Industrial Magic Page 123

“Is Lucas,” I said.

Eve elbowed me. I ignored her.

“We need Lucas. We left him—”

The woman shook her head. “He can’t go, child. He died. He must stay here.”

“No, he didn’t—”

“We know you don’t want to believe that, but—”

“Wait,” I said, lifting my hands. “I’m arguing the fact, not the interpretation. The bullet hit Lucas and he fell into the portal.”

“We know what happened.”

“Then you know it takes longer than that split second to die after being shot in the chest. Therefore, when he fell through the portal, he wasn’t dead.”

The woman shook her head, smiling. “Always the logical one, aren’t you?
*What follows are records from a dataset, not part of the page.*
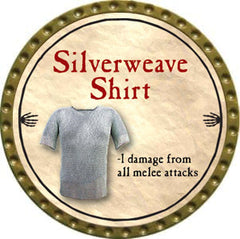 Silverweave Shirt - 2012 (Gold)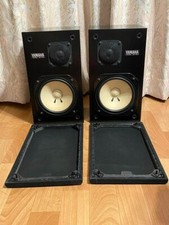 Yamaha NS-10M Coppia Altoparlanti Set Sistema Monitor Studio Altoparlanti Nero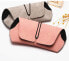 Фото #12 товара 2 x Sunglasses Case PU Leather Glasses Case Bag Portable Sunglasses Bag for Women Men Girls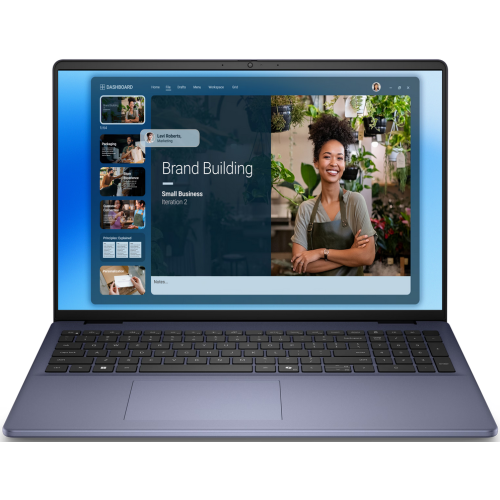 Laptop 16 DC16251 FHD+ 16 inch Intel Core 7 150U 32GB 1TB SSD Windows 11 Pro Midnight Blue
I’m afraid it’s a matter of semantics, child. The shot would have killed him. We know that.”

My heart seized in my chest, but I pushed on. “Okay, you know that because you know it was his time, but—”

“His time?” the old woman said as she appeared. She swept a hand at the yarn jungle behind her. “It’s never anyone’s time, girl. We don’t make that decision. What happens happens, and what happened was that Lucas Cortez died—”

The middle sister cut in. “Which is a tragedy, of course. But here he’ll be able to continue his work. There’s good and evil in this world, too. We can use Lucas here and, when you die, you will join him. You’ll be together. That’s already been determined. That’s why you came through to the same dimension. You just have to wait—”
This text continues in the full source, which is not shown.